28 Речь идет о дошедшей до нас в отрывках трагедии ‘Грузинская ночь’. Содержание ее восстанавливается по мемуарам Булгарина: ‘В последнее пребывание свое в Грузии он сочинил план романтической трагедии и несколько сцен, вольными стихами с рифмами. Трагедию назвал он ‘Грузинская ночь’, почерпнул предмет оной из народных преданий и основал на характере и нравах грузин. Вот содержание: один грузинский князь за выкуп любимого коня отдал другому князю отрока, раба своего. Это было делом обыкновенным, и потому князь не думал о следствиях. Вдруг является мать отрока, бывшая кормилица князя, няня дочери его, упрекает его в бесчеловечном поступке, припоминает службу свою, и требует или возврата сына, или позволения быть рабою одного господина, и угрожает ему мщением ада. Князь сперва гневается, потом обещает выкупить сына кормилицы и, наконец, по княжескому обычаю, — забывает обещание. Но мать помнит, что у нее отторжено от сердца детище и, как азиятка, умышляет жестокую месть. Она идет в лес, призывает Дели, злых духов Грузии, и составляет адский союз на пагубу рода своего господина. Появляется русский офицер в доме, таинственное существо по чувствам и образу мыслей. Кормилица заставляет Дели вселить любовь к офицеру в питомице своей, дочери князя. Она уходит с любовником из родительского дома. Князь жаждет мести, ищет любовников и видит их на вершине горы св. Давида. Он берет ружье, прицеливается в офицера, но Дели несут пулю в сердце его дочери. Еще не свершилось мщение озлобленной кормилицы! Она требует ружья, чтобы поразить князя, — и убивает своего сына. Бесчеловечный князь наказан небом за презрение чувств родительских и познает цену потери детища. Злобная кормилица наказана за то, что благородное чувство осквернила местью. Они гибнут в отчаянии. Трагедия, основанная, как выше сказано, на народной грузинской сказке, если б была так окончена, как начата, составила бы украшение не только одной русской, но всей европейской литературы. Грибоедов читал нам наизусть отрывки, и самые холодные люди были растроганы жалобами матери, требующей возврата сына у своею господина. Трагедия сия погибла вместе с автором!..’ (Воспоминания, с. 35—36).
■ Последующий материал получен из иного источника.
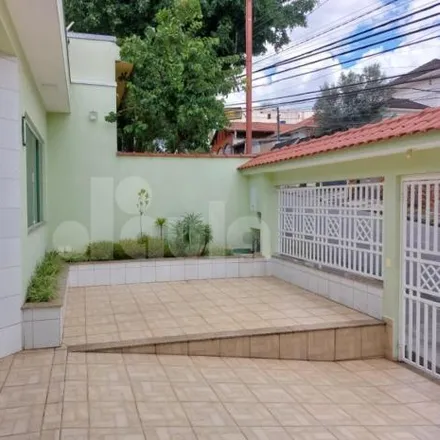 Image 2 - Escola Estadual Professor Amaral Wagner, Rua dos Aliados 332, Bangú, Santo André - SP, 09210-210, Brazil - House for sale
29 Аллаяр-хан — зять Фет-Али-шаха, первый министр Персии, сторонник сближения с Англией, один из инициаторов русско-персидской войны 1826—1828 гг., во время которой был взят в плен (РА, 1891, No 10, с. 188—189). Грибоедов встречался с ним в июле 1827 г. в лагере персидских войск, куда прибыл для дипломатических переговоров с Аббас-Мирзой. На этой встрече Аллаяр-хан выступил ожесточенным противником сближения Персии с Россией.